Ces limites cachées sont mises en évidence par A. Casili, En attendant les Robots. Enquête sur le travail du clic (Seuil, 2019) :

Le digital labor des tâcherons du clic s'avère essentiel pour produire ce qui n'est que de l'intelligence artificielle largement faite à la main. (p. 17, Marin p. 525).

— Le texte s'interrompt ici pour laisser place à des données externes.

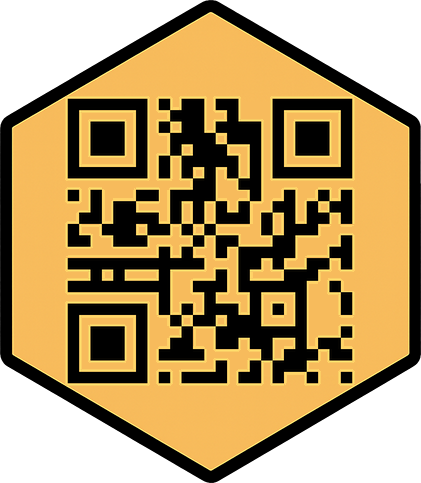 QR для короткой ссылки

Dans cette ligne, Marin convoque encore les travaux de G. Simondon (1958), de G. Koenig (2019), de Dominique Lambert, professeur à l'Université de Namur, La robotique et l'intelligence artificielle, (Fidélité, 2019). “Ce qui s'invente aujourd'hui, conclut l'Auteur (Marin), c'est la vision d'une science sans intelligence, à visée uniquement utilitariste et mercantile”. Mais comme le dit D. Lambert: “corréler n'est pas expliquer, associer n'est pas connaître, calculer n'est pas comprendre” (p. 61, Marin, p. 531).
Pour conclure: “sur le débat sociétal [autour de l'IA] plane l'ombre du naturalisme qui ramène tout le connaissable à l'objectivité des sciences de la matière” (Marin, p. 532).

Conclusion

Pour conclure: il me semble que l'important, l'essentiel, est de continuer plus que jamais à “réfléchir”… Merci à la RSPT et à Pascal Marin de nous y aider!